Former Liberal premier Jeff Kennett criticised the decision on social media platform X (formerly Twitter), posting: “They are solid buildings, close to all services, and accommodate thousands of families. In fact the govt should build more to meet the immediate needs.”
The view from the old tower at Racecourse road of the under-construction new housing towers.Credit: Chris Hopkins
The first towers to be demolished will be two redbrick towers in Carlton –20 Elgin Street, and 141 Nicholson Street – which are empty and scheduled to be rebuilt by 2028. Two towers in Flemington (120 Racecourse Road, and 12 Holland Court), and one in North Melbourne (33 Alfred Street) are also among the first towers to go.
RMIT sustainability and urban planning lecturer Iris Levin, one of the paper’s authors and who has researched public housing estate renewal projects in Melbourne, said the process as announced would place great strain on the city’s already strained housing market.
“In the midst of a housing crisis they are going to relocate those living in public housing towers, find them other properties to live in, and then demolish the towers, instead of first building new public housing properties?”
Levin researched the fate of residents relocated from the Carlton walk-up flats, which were redeveloped from public housing to a mix of private and public housing between 2006 and 2011.

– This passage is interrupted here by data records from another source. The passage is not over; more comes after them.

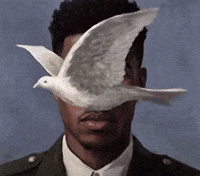 Section 8 Polyester GIF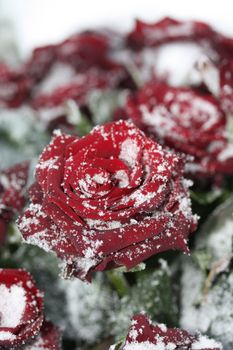 A solitaire red rose in the snow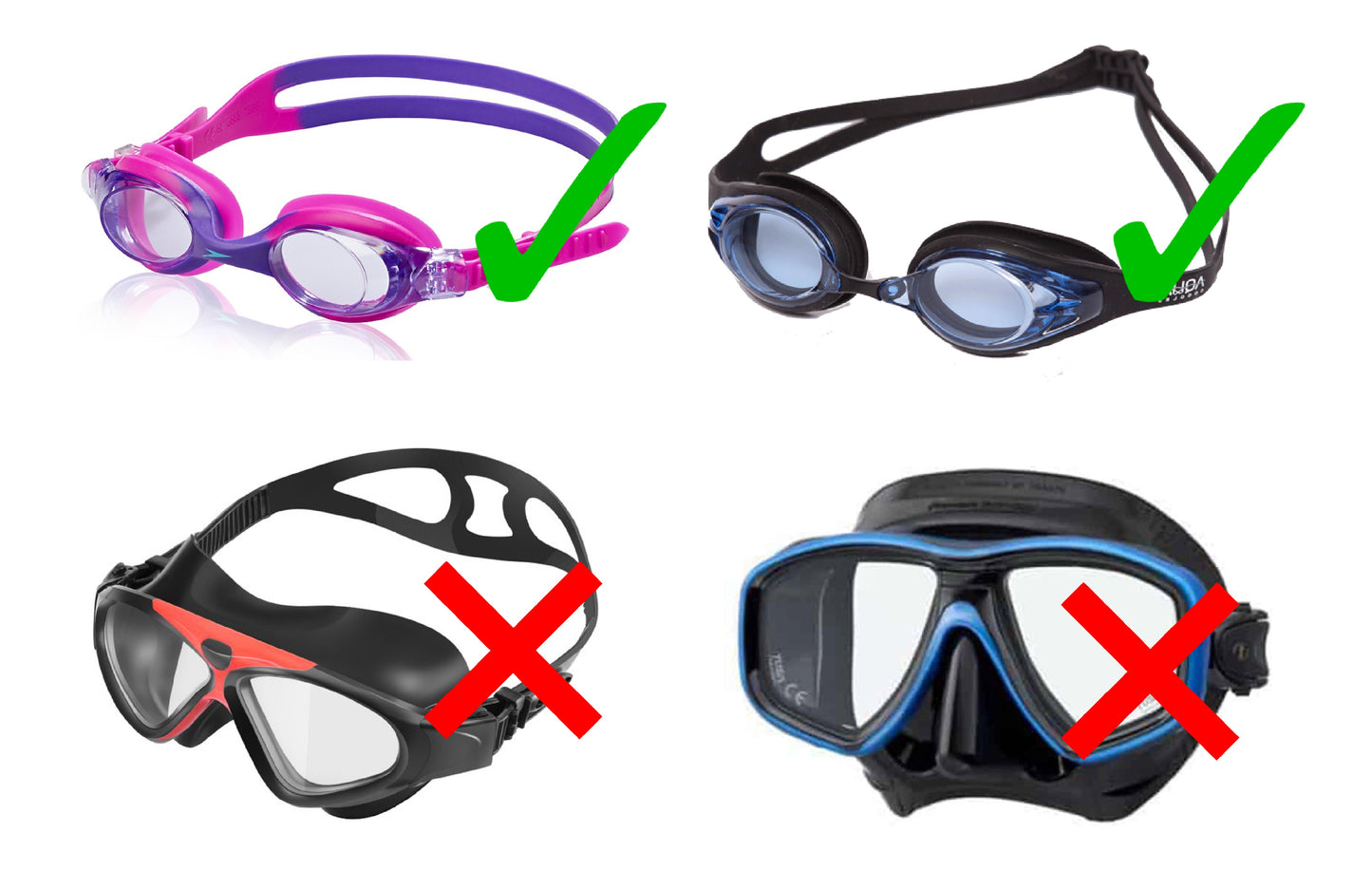 Salmon Goggle Fins
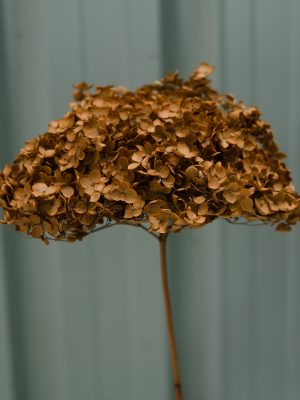 Bronze Hydrangea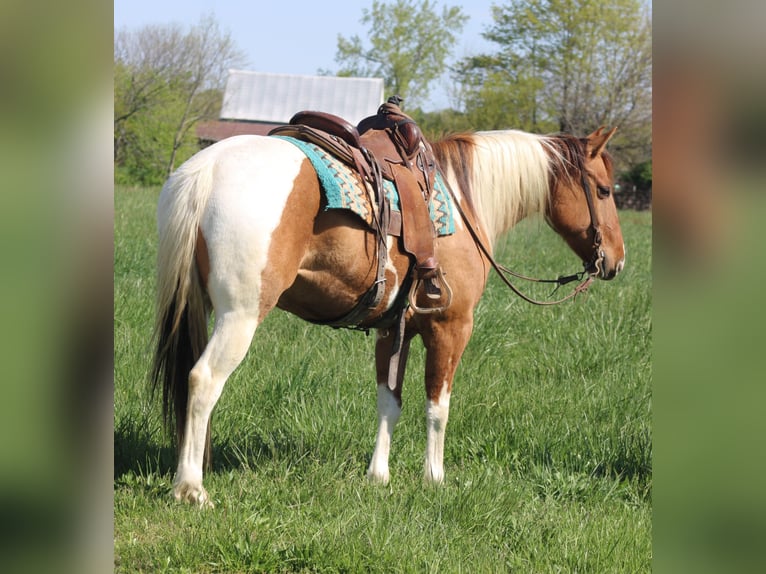 Paint Horse Caballo castrado 6 años 152 cm Pío in Charleston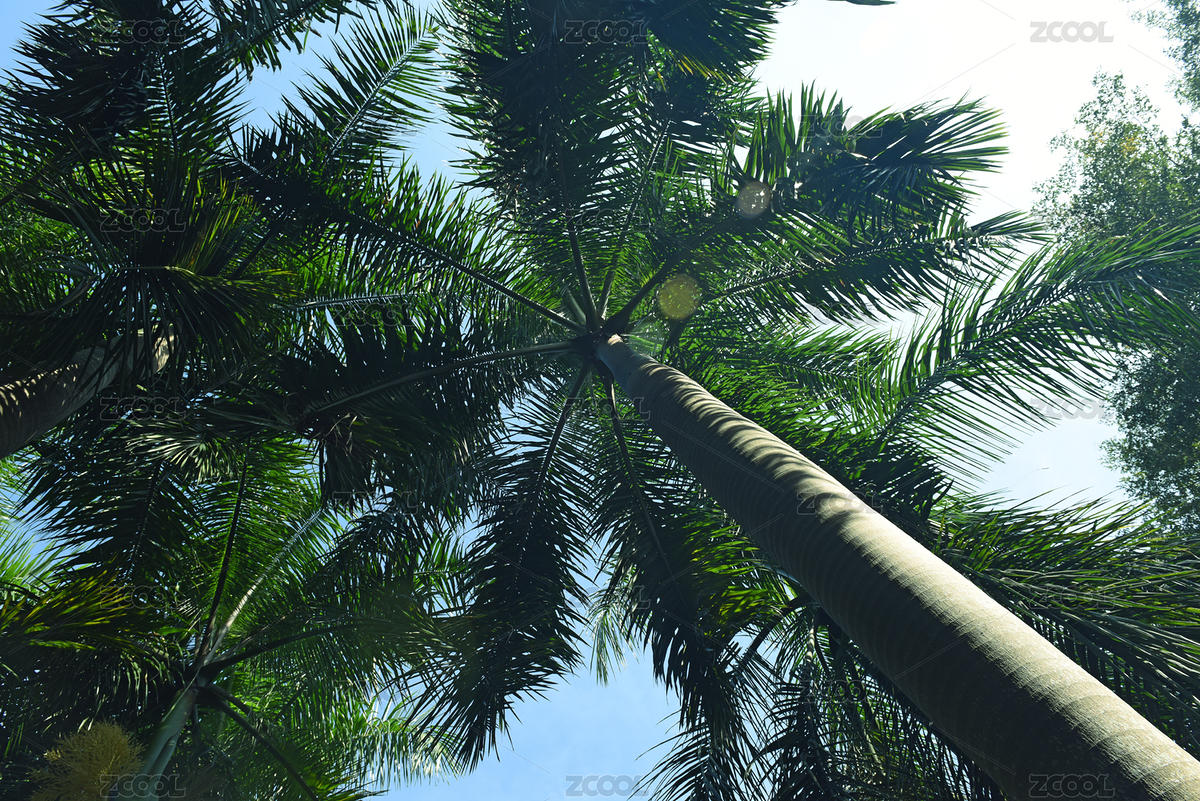 根系發(fā)達的大王椰（主預覽-4315407） - 未分類 - 站酷設計師羊圈有青草原創(chuàng)素材 - 站酷ZCOOL
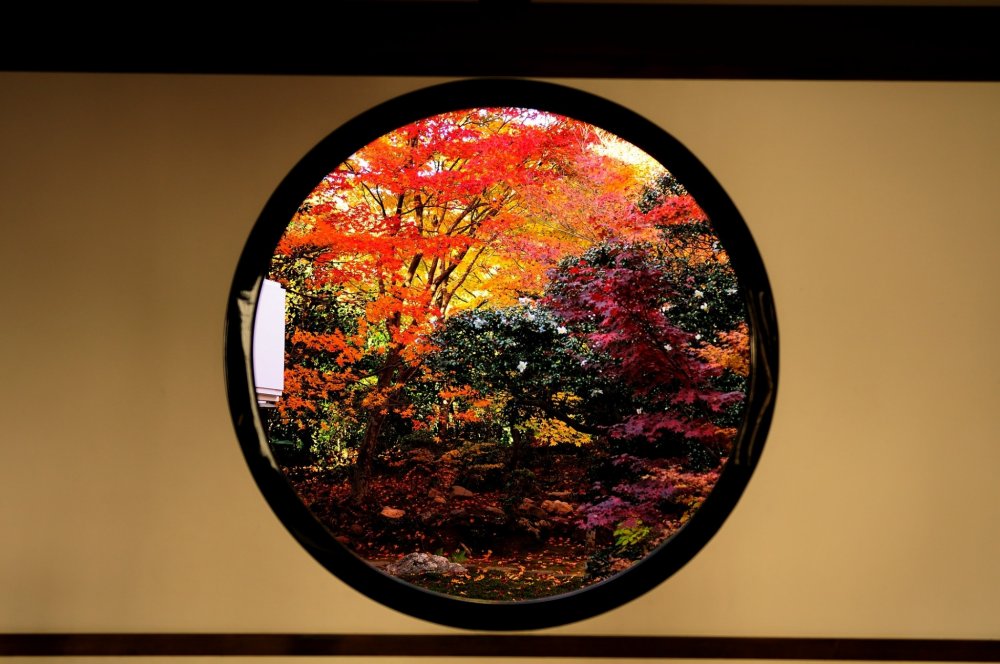 What I saw from the &#39;Window of Satori (Spiritual Awakening)&#39; was brilliance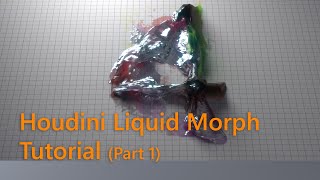 How to do Flip Morph in Houdini  -- Part 1 (+ projects)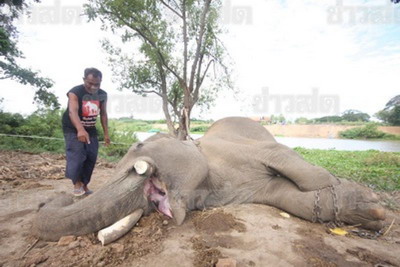 สุดสลด โจรวางยาฆ่าช้าง-ตัดงา วันพระใหญ่ 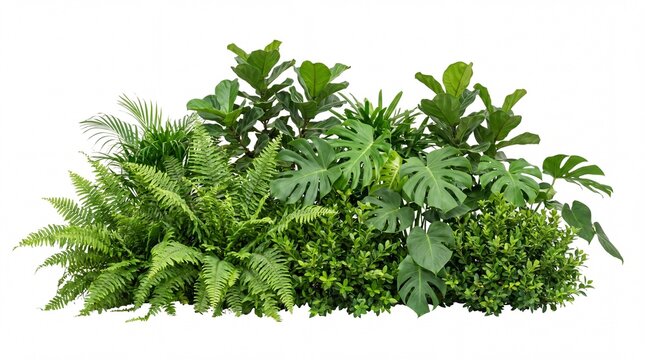 Tropical foliage arrangement featuring diverse lush green plants captured in this vibrant photo on white background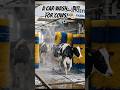"A Car Wash... But For Cows! 🐮🚿"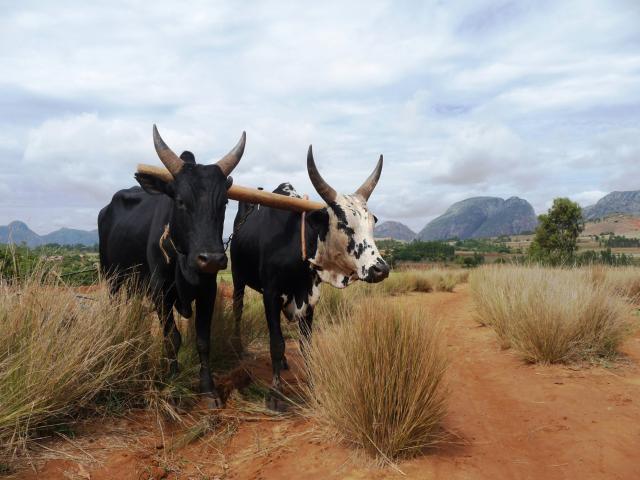 Zebu sú prichystané na ťažkú prácu. foto: Martin KARNIŠ – 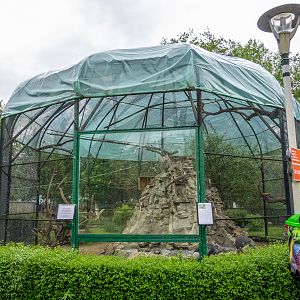 enclosure of grey crowned crane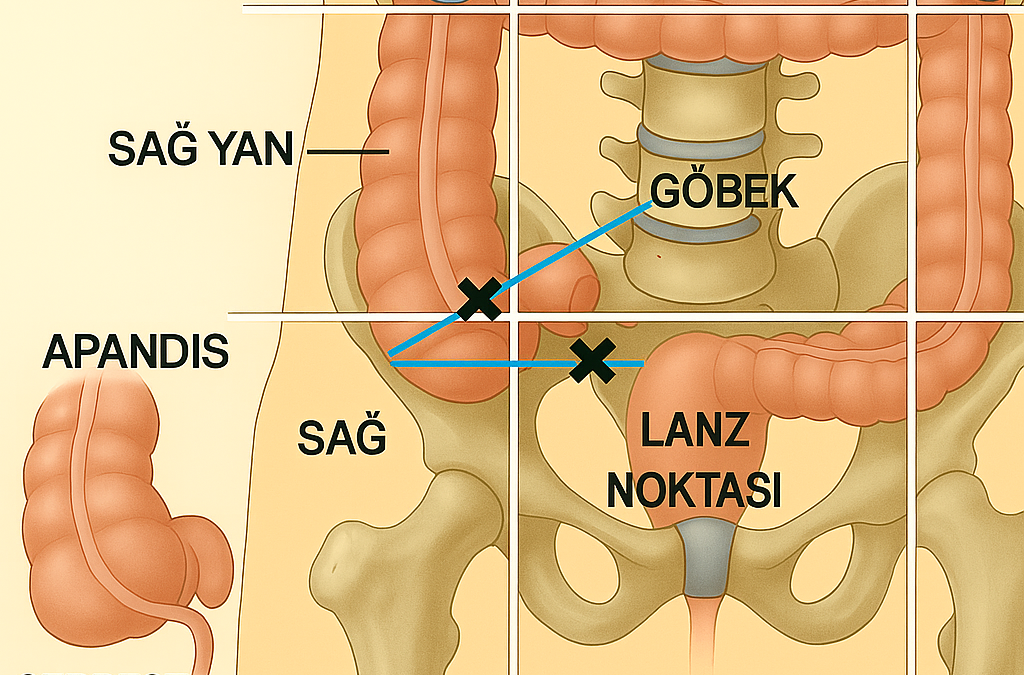 Lanz noktası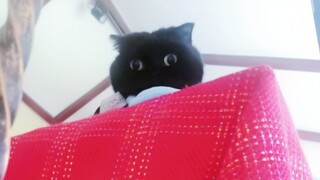 أفكار شياوتشينغ الصغيرة!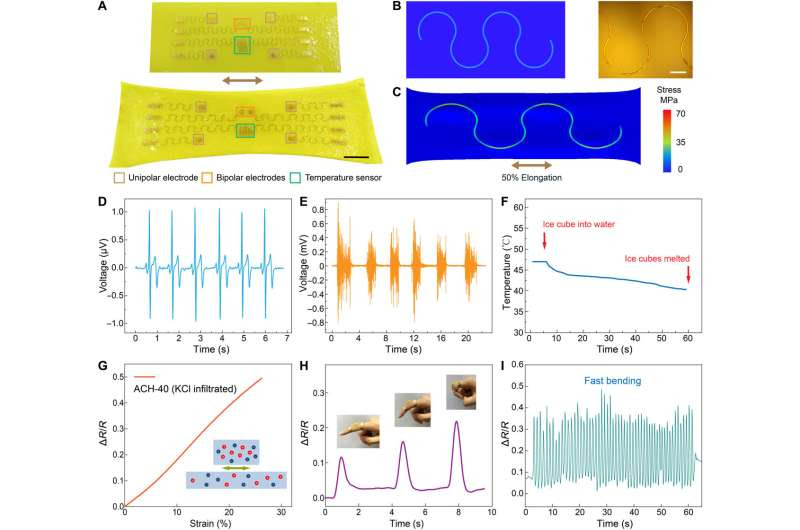 Tissue Engineering - developing bioinspired multi-functional tendon-mimetic hydrogels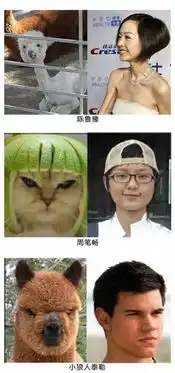 爆笑长的太像了惊呆了...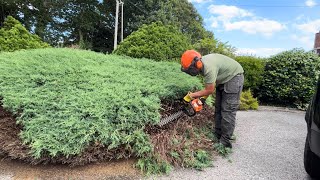 Homeowner wanted this Overgrown Juniper Cutting back How to cut back an Overgrown Juniper [upl. by Egan197]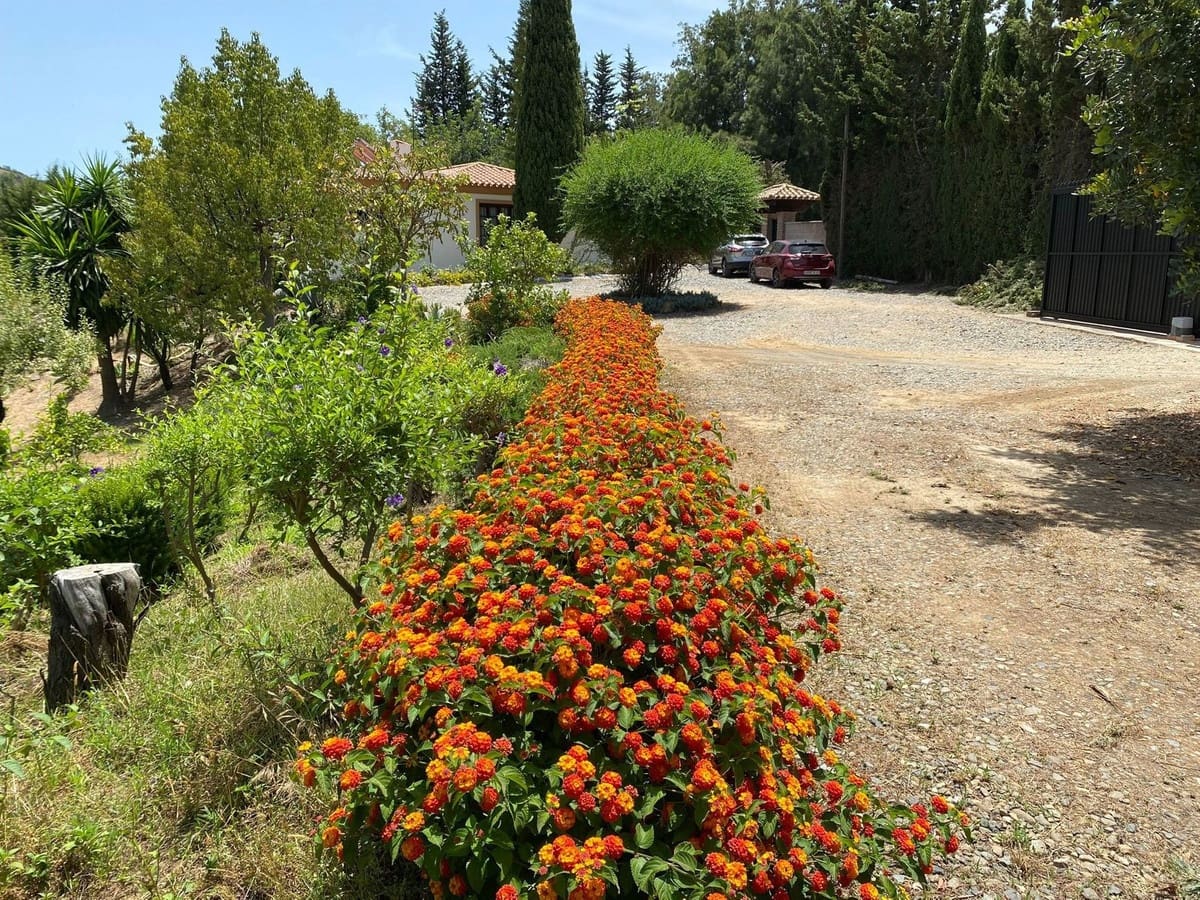 2 camera da letto Finca/Casa di Campagna in vendita in Estepona con piscina garage - 550.000 € (Rif: 9313988)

“Because it took five years [to rebuild], 80 per cent didn’t come back … it’s a long process.”
Housing expert Dr Katrina Raynor, principal social consultant at Umwelt Environmental & Social Consultants, said Housing Victoria’s task of relocating public housing residents must be undertaken with great care.
“These towers are incredibly tight-knit communities in ways that private high-density buildings are not,” she said.
“They’re really tight-knit and the demolition of buildings has to be done very, very carefully, or you demolish incredibly important ecosystems and social connections.”